Trotzdem stellen die Menschen den Mitarbeiterinnen und Mitarbeitern im Öffentlichen Dienst ein hervorragendes Zeugnis für ihre Tätigkeiten aus. Fragt man sie, welche Eigenschaften sie mit unserer Arbeit spontan assoziieren, dann kommen als erstes Zuschreibungen wie verantwortungsvoll, verlässlich und kompetent. Dass uns Eigenschaften wie Kreativität und Modernität am wenigsten zugetraut werden, sollte uns vielleicht zu denken geben. Dennoch: Im direkten Kontakt mit den Bürgerinnen und Bürgern punktet der Öffentliche Dienst Tag für Tag. Und das, obwohl es in einem Rechtsstaat ja nicht nur Zuckerbrot zu verteilen gibt. Aber auch bei einem Führerscheinentzug macht offenbar der Ton die Musik.
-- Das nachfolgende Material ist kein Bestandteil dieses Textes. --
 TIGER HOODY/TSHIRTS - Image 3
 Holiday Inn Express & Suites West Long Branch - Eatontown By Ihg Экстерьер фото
Satte 31 Prozent der Befragten hatten bei ihren letzten Behördenkontakten einen positiven Eindruck, 40 % erlebten diesen neutral und nur 13 % hatten negative Wahrnehmungen. Ein schönes Zeugnis für die Menschen, die diese Dienstleistungen unter oft schwierigen Rahmenbedingungen erbringen.

Rekrutierungsbedarf
So hoch das Ansehen für die Mitarbeiterinnen und Mitarbeiter im Öffentlichen Dienst auch ist, die Mehrheit der Menschen fühlt sich dennoch in der Privatwirtschaft besser aufgehoben. Gleich 56 % (und damit 8 Prozent mehr als vor 5 Jahren) geben an, sie würden sich bei einer neuerlichen Wahlmöglichkeit für den Weg in die Privatwirtschaft entschließen, nur 19 % für den Öffentlichen Dienst, und das verbleibende Viertel hat hier keine klare Präferenz. Wenn man an den enormen Rekrutierungsbedarf in weiten Teilen des Öffentlichen Dienstes denkt, sollte man in den Personalstellen also dringlich anfangen, sich damit zu beschäftigen, wie man das hohe Ansehen des Öffentlichen Dienstes in der Bevölkerung auch in mehr Arbeitgeberattraktivität ummünzen kann. An der Wertschätzung für die Arbeit an sich mangelt es ja offenbar nicht. Vielleicht liegt die Antwort auf diese Frage darin, was die Menschen als besonders belastend für die Arbeit im öffentlichen Sektor sehen: chronischer Personalmangel, hoher Bearbeitungsdruck und zunehmend aggressives Kundenverhalten rangieren hier ganz oben, gefolgt von der wachsenden Menge und Komplexität der Vorgaben. Dass neben der hohen Verantwortung auch soziale und psychische Belastungen vielfach zum Alltag gehören, rundet das Bild ab. 

Vertrauen
Alles in allem: Es gibt also viel Vertrauen und viel Zutrauen der Bevölkerung für den Öffentlichen Dienst in all seinen Wirkungsfeldern für die Menschen in Österreich. Vielleicht ist es ja etwas mutig formuliert, aber es trifft wohl den Kern: Unterm Strich mögen die Österreicher:innen ihren Öffentlichen Dienst. Und sie sorgen sich auch da oder dort um diejenigen, die hier tagtäglich Dienstleistung auf Spitzenniveau erbringen. Das sei auch jeder neuen Bundesregierung – wie immer sie aussehen wird – schon jetzt ins Stammbuch geschrieben: Nehmt den Öffentlichen Dienst ernst! Kümmert euch um die Menschen, die hier arbeiten! Kümmert euch darum, dass hier überhaupt ausreichend Menschen arbeiten! Entwickelt gemeinsam mit diesen Menschen den Staat mutig weiter. Denn die Österreicherinnen und Österreicher wollen auch in Zukunft einen Staat, auf den sie sich umfassend verlassen können.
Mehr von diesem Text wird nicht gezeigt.